Resisting Dematerialisation with Chorizo and Arizona Ice Tea

Over the weekend I spoke with my brother about the direction that my art might partially be moving towards involving potentially performative or interactive aspects of cooking along with more typical art objects. As seen in Marina Abramovic's MOMA retrospective "The Artist is Present", performance is finally blowing up after years of occurring but never becoming mainstream (and I hate to be the one to exemplify this show along with EVERY other art blogger). Just look at the abundance of college art curricula that don't even address performance as a practice. Its specialization, tending more towards theater and dance, have left it in a limbo that many avoid grappling with, and the preponderance of bad performance art hasn't probably helped either.
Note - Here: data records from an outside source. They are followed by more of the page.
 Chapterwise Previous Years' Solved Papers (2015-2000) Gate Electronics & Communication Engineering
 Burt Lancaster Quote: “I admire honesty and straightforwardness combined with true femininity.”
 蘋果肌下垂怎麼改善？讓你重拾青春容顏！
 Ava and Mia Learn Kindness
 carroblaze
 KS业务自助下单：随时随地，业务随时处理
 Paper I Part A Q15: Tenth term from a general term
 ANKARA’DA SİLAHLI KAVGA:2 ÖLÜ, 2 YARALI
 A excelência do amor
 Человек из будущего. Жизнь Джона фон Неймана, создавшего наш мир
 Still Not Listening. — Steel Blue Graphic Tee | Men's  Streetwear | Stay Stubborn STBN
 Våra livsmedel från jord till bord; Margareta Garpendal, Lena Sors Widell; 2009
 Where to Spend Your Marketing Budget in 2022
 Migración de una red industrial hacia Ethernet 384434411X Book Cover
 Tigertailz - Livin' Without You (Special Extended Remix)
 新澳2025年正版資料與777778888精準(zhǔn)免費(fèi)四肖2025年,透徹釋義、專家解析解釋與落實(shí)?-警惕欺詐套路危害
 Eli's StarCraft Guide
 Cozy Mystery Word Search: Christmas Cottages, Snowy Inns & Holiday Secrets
Abramovic claims that performance art edges on theater, but that it is real rather than pretend. Here's a post-show interview that is kind of interesting. I'm all for it really, despite the fact that I have rarely if ever seen performance art in person. There's an excitement to it; towards it's bold and courageous display in front of audiences who may or may not even understand what is taking place. People probably have trouble with interpreting lots of art, visual, audible, or performance, but that's not the point. I'm eluding to this renewed push for relational art, where experience is the conveyance of meaning, not objectification in a white walled space. Either way is a perfectly fine way of expressing yourself, but there's a growing trend here that I feel compelled to address, and one that ties to many things going on around me.

Art and life is curiously redirecting culture towards limited edition commercial object making (much of traditional art making, ie. prints, paintings, sculptures, etc.) versus the visual and audio culture that we readily consume becoming more and more ubiquitous and available in infinite reproductions on the web. Curiously I see it tying into the financial meltdown, art pricing, and the new wave of young artists finding their way out of school into the marketplace. What I've seen in Kansas City is a young push to capitalize on commodity, to make a screen printing business in basements, or to create objects gallery ready and with that certain glossy presentation that says too clearly that they are completely comfortable with art objects as collector fodder. It seems that art and consumer culture are vying to become one, and it's apparent as well in Hirst's huge self-purposed auction or in Murakami's hand bags. Art is simply business, and ideas can sometimes be subverted in the name of the sellable.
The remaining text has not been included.